Shankar narrates her own experience of working out in the gym.

“I have a team of around 15 people and they are all young girls between the age of 20 to 25 and we have a tie up with a gym in Gurgaon and we have a three-hour session in the morning for our own training and fitness regime,” she says. “Every time we work out, men try to approach us. ‘Oh what do you do? Oh you look so great’ and so on. It is very uncomfortable so we prefer to select timings when there are not many people around. While men are more likely to choose timings when women are most likely to be in the gym.

“Some people come up and ask for numbers, contacts, chase us on social media, harass us on messenger and Instagram,” she adds. “Every day I get at least 10 messages in my messenger box and Insta where people write to me saying, “’oh you look so hot! You look so young!’ and so on. I mean do I really want to hear all that!” 

An Unsafe World Out There

Crime against women in India is rising. An IndiaSpend analysis, cited by Scroll, states that 2.24 million crimes against women were reported over the last decade. According to available figures, 26 crimes are reported every hour, or one complaint every two minutes.

Public safety for women is not just an issue in India, though. It’s a global menace. Even developed countries, the West which supposedly offers more freedom for women, have been struggling to provide a safe environment for women. The available data on gender violence is really depressing.

According to a 2016 UN report, the worldwide figure suggest that about 88 percent of women reported having some form of verbal sexual harassment, which included comments of sexual nature, whistling, leering or making obscene gestures etc in their life time. 

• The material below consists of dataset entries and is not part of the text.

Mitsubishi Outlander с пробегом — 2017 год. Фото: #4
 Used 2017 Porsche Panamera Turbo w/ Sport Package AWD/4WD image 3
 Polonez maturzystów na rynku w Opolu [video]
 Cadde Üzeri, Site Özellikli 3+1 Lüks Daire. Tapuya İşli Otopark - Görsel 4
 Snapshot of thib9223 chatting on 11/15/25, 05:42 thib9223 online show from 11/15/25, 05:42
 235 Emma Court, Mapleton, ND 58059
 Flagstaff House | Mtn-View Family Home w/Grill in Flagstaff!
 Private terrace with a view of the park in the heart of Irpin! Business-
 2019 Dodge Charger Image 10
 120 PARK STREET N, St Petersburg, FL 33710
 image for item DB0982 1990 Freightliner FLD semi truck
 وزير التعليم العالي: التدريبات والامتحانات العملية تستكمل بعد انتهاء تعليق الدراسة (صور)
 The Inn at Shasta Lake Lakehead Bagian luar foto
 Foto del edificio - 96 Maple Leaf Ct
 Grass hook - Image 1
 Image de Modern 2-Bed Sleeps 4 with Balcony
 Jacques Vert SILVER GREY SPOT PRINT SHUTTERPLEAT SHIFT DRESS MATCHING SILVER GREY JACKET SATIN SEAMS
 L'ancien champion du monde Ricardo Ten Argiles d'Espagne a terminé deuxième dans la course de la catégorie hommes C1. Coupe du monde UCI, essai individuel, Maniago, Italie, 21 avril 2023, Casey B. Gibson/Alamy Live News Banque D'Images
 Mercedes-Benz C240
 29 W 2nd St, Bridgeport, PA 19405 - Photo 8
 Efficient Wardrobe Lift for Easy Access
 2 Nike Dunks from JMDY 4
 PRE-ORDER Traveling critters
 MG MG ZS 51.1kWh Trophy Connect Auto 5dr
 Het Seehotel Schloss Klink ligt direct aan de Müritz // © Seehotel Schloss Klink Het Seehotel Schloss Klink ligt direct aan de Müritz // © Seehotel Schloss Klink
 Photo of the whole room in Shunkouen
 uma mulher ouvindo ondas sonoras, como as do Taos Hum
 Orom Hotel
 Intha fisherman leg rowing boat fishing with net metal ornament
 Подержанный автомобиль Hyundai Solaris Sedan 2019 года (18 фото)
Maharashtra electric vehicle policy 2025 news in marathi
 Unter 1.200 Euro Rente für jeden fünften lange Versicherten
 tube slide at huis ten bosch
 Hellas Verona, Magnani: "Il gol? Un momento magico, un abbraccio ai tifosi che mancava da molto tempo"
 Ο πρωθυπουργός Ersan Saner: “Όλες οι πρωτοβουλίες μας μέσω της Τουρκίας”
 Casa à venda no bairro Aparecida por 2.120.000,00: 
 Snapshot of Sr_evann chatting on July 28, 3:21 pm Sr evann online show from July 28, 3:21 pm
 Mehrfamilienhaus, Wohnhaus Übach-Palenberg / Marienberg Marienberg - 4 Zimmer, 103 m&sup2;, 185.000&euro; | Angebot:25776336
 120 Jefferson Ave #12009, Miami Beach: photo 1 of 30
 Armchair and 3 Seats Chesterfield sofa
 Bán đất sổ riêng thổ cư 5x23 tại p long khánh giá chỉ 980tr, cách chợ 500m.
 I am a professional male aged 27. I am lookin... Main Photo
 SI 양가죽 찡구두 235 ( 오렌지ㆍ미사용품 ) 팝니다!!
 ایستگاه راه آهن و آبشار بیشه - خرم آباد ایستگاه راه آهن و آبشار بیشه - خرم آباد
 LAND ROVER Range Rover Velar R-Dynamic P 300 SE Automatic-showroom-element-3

Last month, a woman in Strasbourg, France, was punched in the face by three individuals for wearing a skirt. A 2015 study released by the High Council for Equality between Women and Men (HCEfh) revealed that 100 percent [of more than 600 women surveyed across the country] had faced sexual harassment. 

The United States is no better. According to a 2014 study by the nonprofit organization Stop Street Harassment (SSH), more than 107 million women in the country had experienced incidences ranging from being called ‘hey baby’, slurs, groping, sexual harassment and assault in public spaces. Around 65 percent of all women nationwide had experienced some sort of street harassment. 

The United Kingdom is not far behind either. According to a survey carried out by House of Commons Women and Equalities Committee who commissioned YouGov to carry out exploratory research on attitudes related to sexual harassment in public, brought out some damning figures. 63 percent of girls and young women between the age 18-24 felt unsafe walking home alone. A 2016 survey by  End Violence Against Women Coalition, which was also commissioned by YouGov to conduct the first national poll on street harassment in 2016, stated that 64 percent of women of all ages have experience unwanted sexual street harrassment with 45 percent of women experiencing unwanted touching. 

The numbers indeed paint a depressing picture indeed. The situation is the same cutting across borders, cultures and societies. How can one bring about a change? The athletes and women Newsclick spoke to have no clear cut answer for it is clear that the menace is not because of a lack of safety or security measures or policing, or lack of a prevalent culture of women being outdoors. The rot is something deeper and the women feel they could do their part just by fighting it and being out there, fighting for among many things, their right to walk free without fear.